Based on the Definition 3.3, we have \(ET(C_1)+ ET(C_2 |C_1)= -\frac{1}{n} \sum _{i=1}^n \log _2 \frac{1}{|[x_i]_{R_{C_1}^h |}}-\frac{1}{n} \sum _{i=1}^n \frac{|[x_i]_{R_{C_1}^h}|}{|[x_i]_{R_{C_1}^h}| \cap |[x_i]_{R_{C_2}^h}|} \) \(\Rightarrow ET(C_1)+ ET(C_2|C_1)=-\frac{1}{n}\left[ \sum _{i=1}^n\left[ \log _2 \frac{1}{|[x_i]_{R_{C_1}^h |}} + \log _2 \frac{|[x_i]_{R_{C_1}^h}|}{|[x_i]_{R_{C_1}^h}| \cap |[x_i]_{R_{C_2}^h}|}\right] \right] \) \(\Rightarrow ET(C_1)+ET(C_2 |C_1)=- \frac{1}{n} \sum _{i=1}^n\left[ \log _2\frac{|[x_i]_{R_{C_1}^h |}}{|[x_i]_{R_{C_1}^h |}| |[x_i]_{R_{C_1}^h}| \cap |[x_i]_{R_{C_2}^h}| |}\right] \) \(\Rightarrow ET(C_1)+ ET(C_2 |C_1)=- \frac{1}{n} \sum _{i=1}^n \log _2 \frac{1}{|[x_i]_{R_{C_1}^h} \cap [x_i]_{R_{C_2}^h}|} \) \( \Rightarrow ET(C_1) + ET(C_2|C_1) = E(C_1,C_2) \) \( \Rightarrow ET(C_2|C_1) = ET(C_1,C_2) - ET(C_1)\) \(\square \)

Proposition 3.12

If \(C_1\subseteq C_2 \subseteq C\), then \( ET(C_2|C_1)=0 \)

Proof

Since, \( C_2 \subseteq C_1 \) , hence, based on the Proposition 3.6, we can conclude that\( R_{C_1}^h \subseteq R_{C_2}^h \).

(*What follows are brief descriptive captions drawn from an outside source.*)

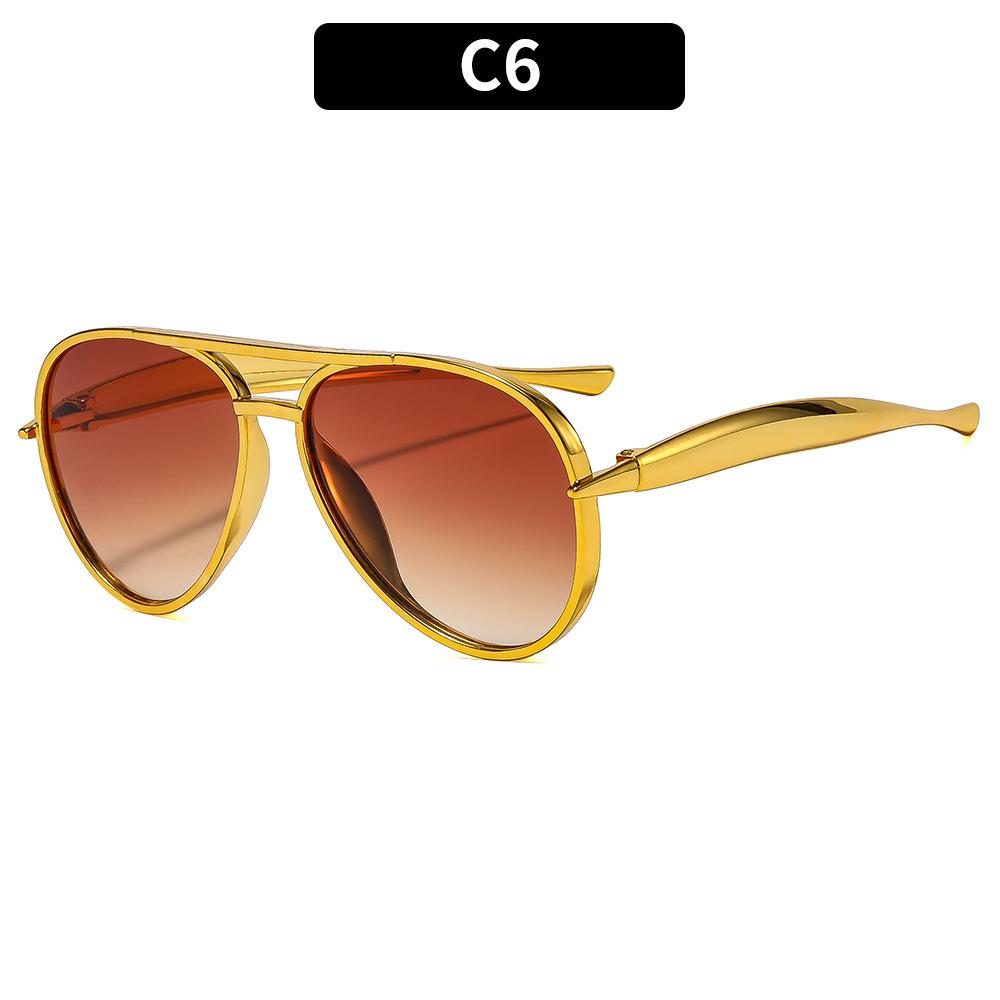 

2025 Classic Oversized Oval Full Frames UV400 Beach Accessories Metal Frames Luxury Sunglasses Women Men as pictures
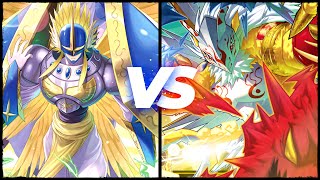 Three Great Angels vs Four Great Dragons  Digimon TCG EX6 Tournament Match [upl. by Ellirpa]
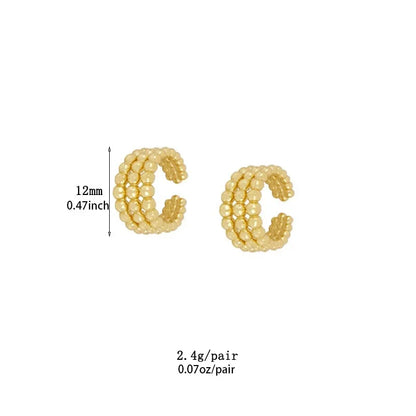 Cross-Border Exclusive Supply of Versatile and High-End Ear Cuffs with an Instagram-Worthy Style, Featuring a Fashionable and Simple U-Shaped Design with Diamond Accents and a Unique Ear Cuff Earring Set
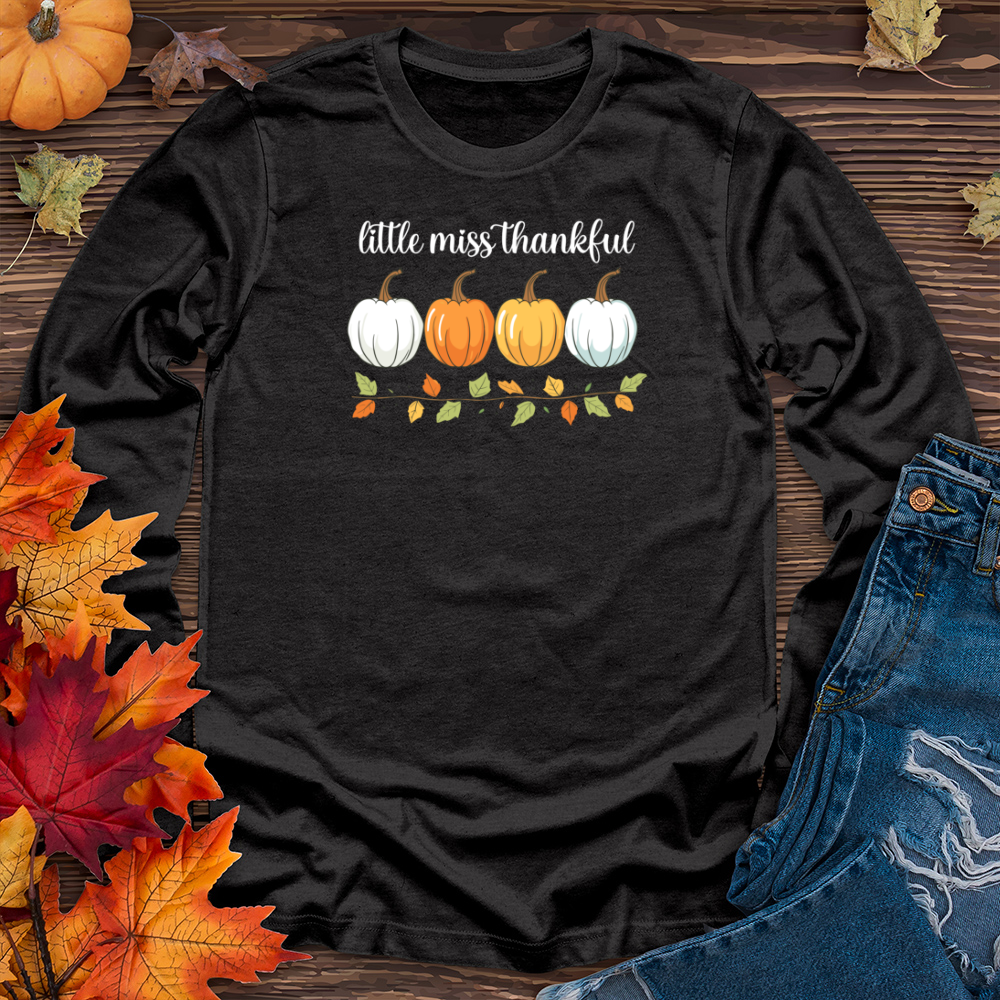 Etsy Style Orange Pastel Pumpkin Trio Long Sleeve Tee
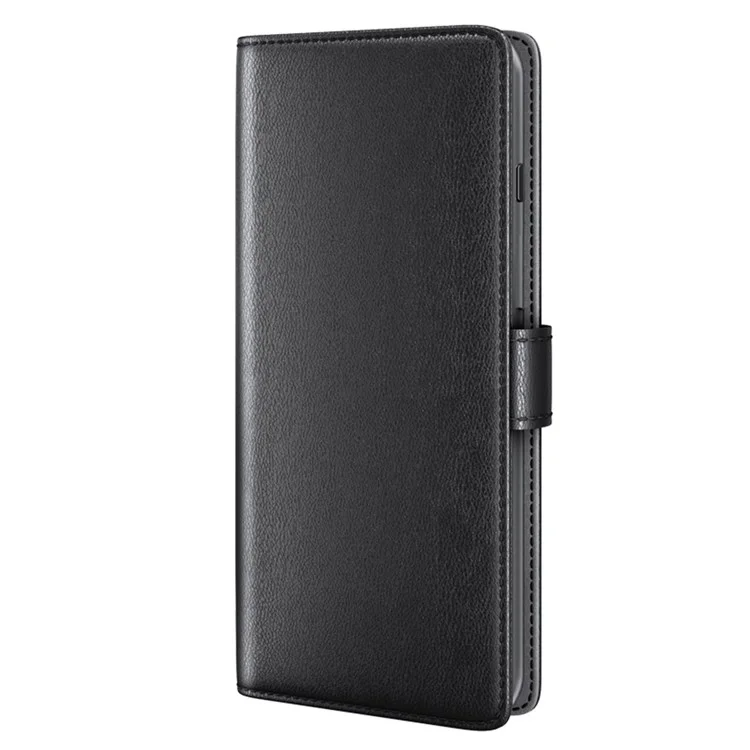 Pour Samsung Galaxy A03 (166,5 x 75,98 x 9,14 mm) Véritable étui portefeuille rabattable en cuir split Shockproof Full Protection Magnetic Cover - Noir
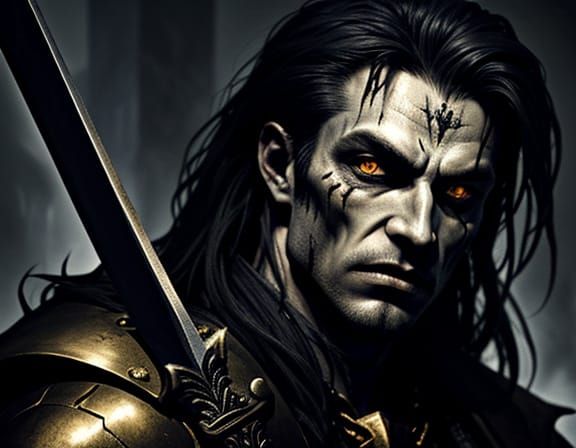 Vampire Knight in Gothic Dark Fantasy Art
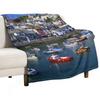 Brixham Harbour Throw Blanket Hair Multi-Purpose Polar Bed Covers Blankets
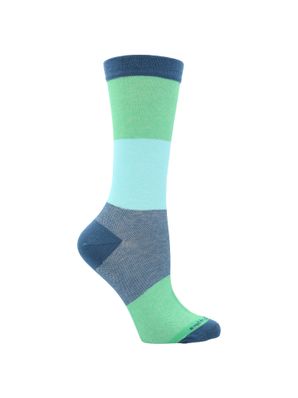 Calcetin Algodón Mujer C Cuff Metro Azul  Hush Puppies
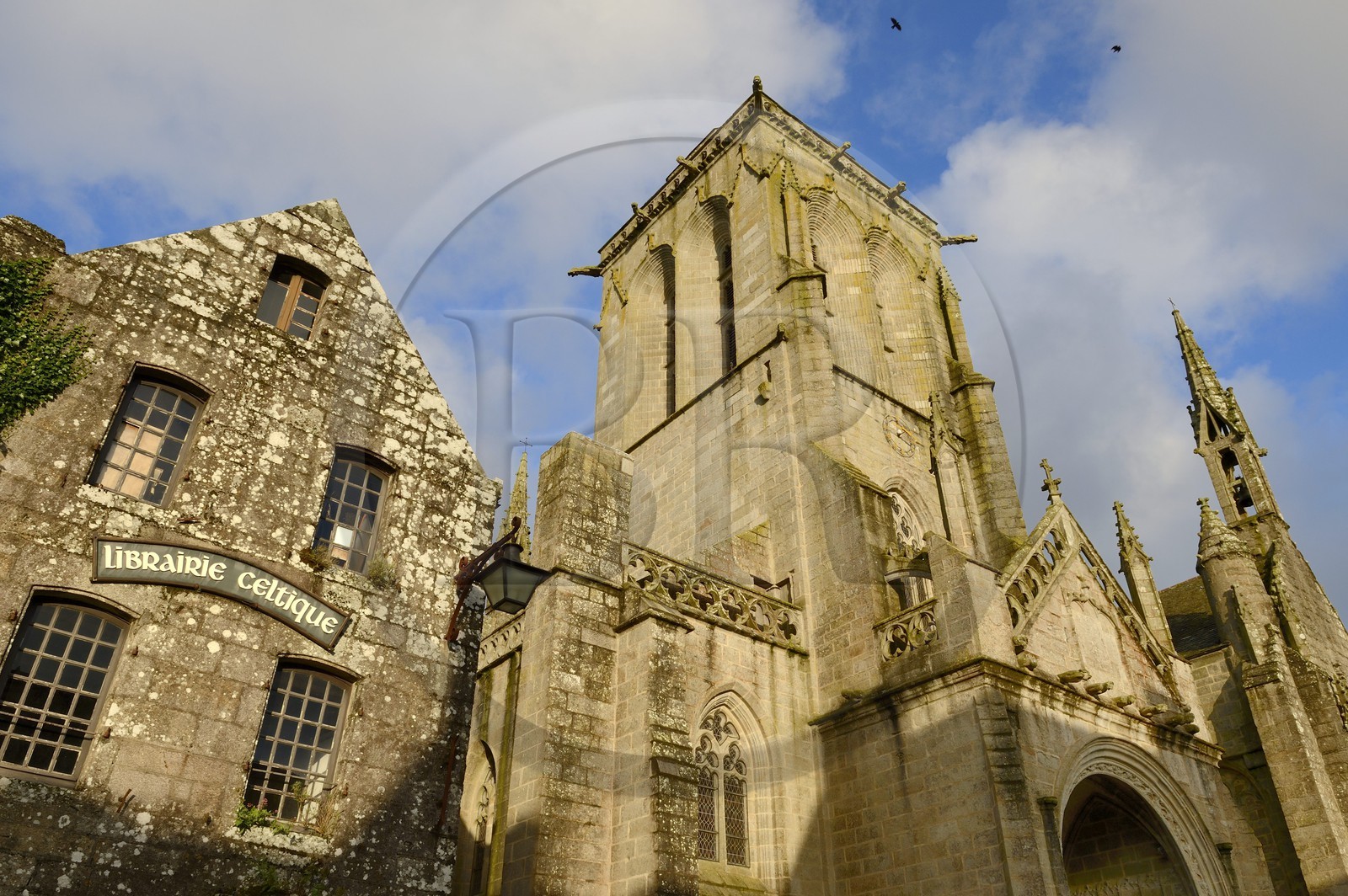France, Finistère (29), Locronan, labellisé Les Plus Beaux Villages de France, église Saint-Ronan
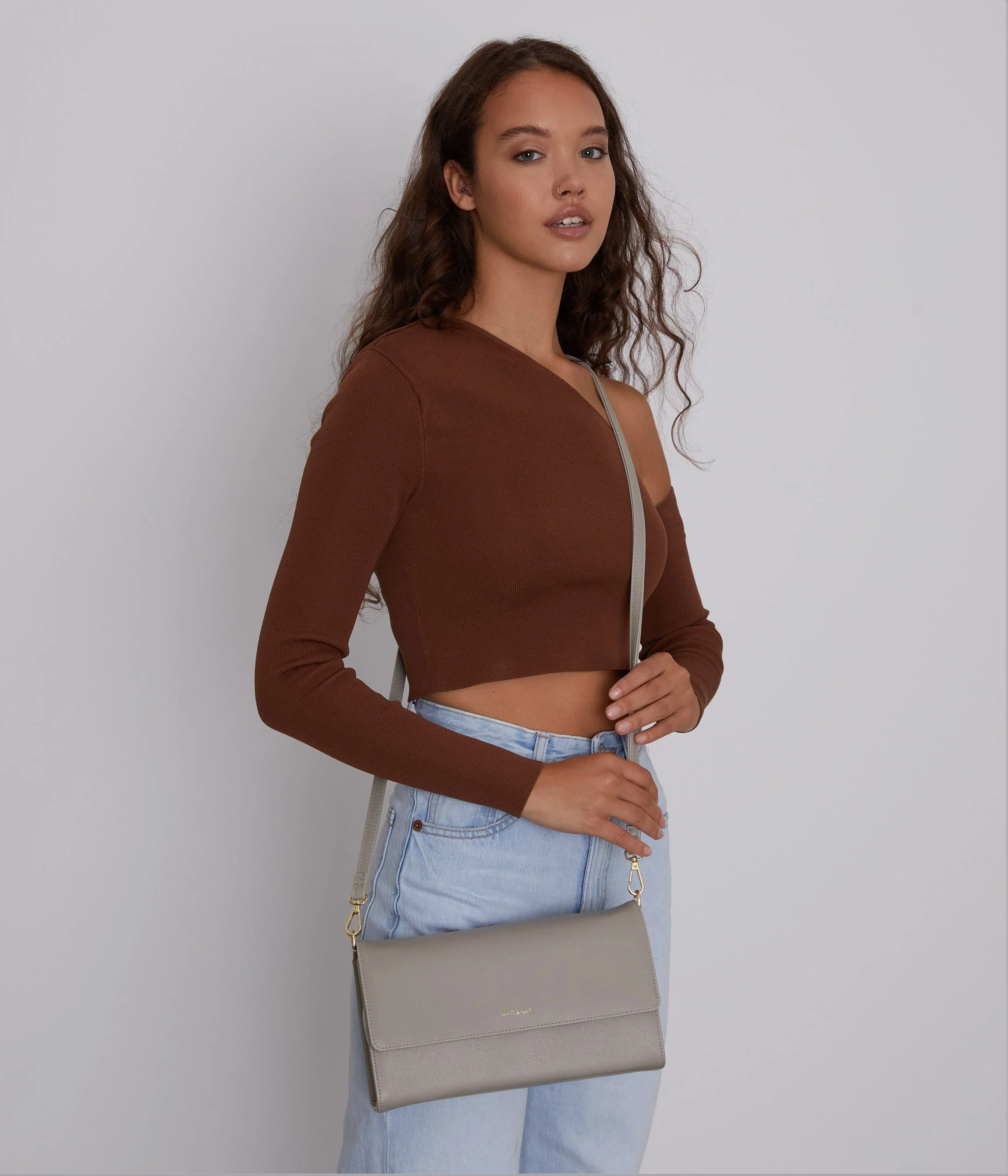 DREWLG Large Vegan Crossbody Bag - Vintage - Image 46
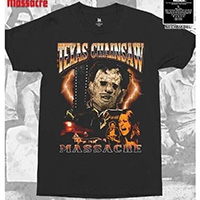Texas Chainsaw Massacre- Montage on a black shirt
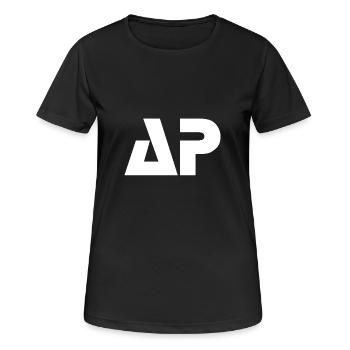 AP White - Women's Breathable T-Shirt - black - Front - AI Model Female 172 light (172cm)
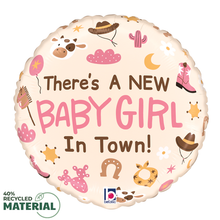 Coming Soon! Baby Girl in Town Foil Balloon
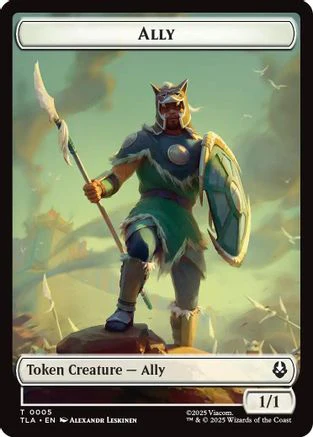 Ally (0005) // Clue (0014) Double-Sided Token (TLA-5 // 14) - Avatar: The Last Airbender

Therefore, \( \forall x_i\), \( [x_i]_{R_{C_1}^h} \subseteq [x_i]_{R_{C_2}^h} \), furthermore, \(\forall x_{i}\) , \( x_i,[x_i]_{R_{C_1}^h} \cap [x_i]_{R_{C_2}^h} = [x_i]_{R_{C_1}^h} \), now, based on the Definition 3.3, we have \( ET(C_2|C_1) =-\frac{1}{n} \sum _{n=1}^n \log _2 \frac{\left| [x_i]_{R_{C_1}^h}\right| }{\left| [x_i]_{R_{C_1}^h}\right| \cap \left| [x_i]_{R_{C_2}^h}\right| } \) \(\Rightarrow ET(C_2|C_1) =-\frac{1}{n} \sum _{n=1}^n \log _2 \frac{\left| [x_i]_{R_{C_1}^h}\right| }{\left| [x_i]_{R_{C_1}^h}\right| } = -\frac{1}{n} \sum _{n=1}^n \log _2 1 =0 \) \(\square \)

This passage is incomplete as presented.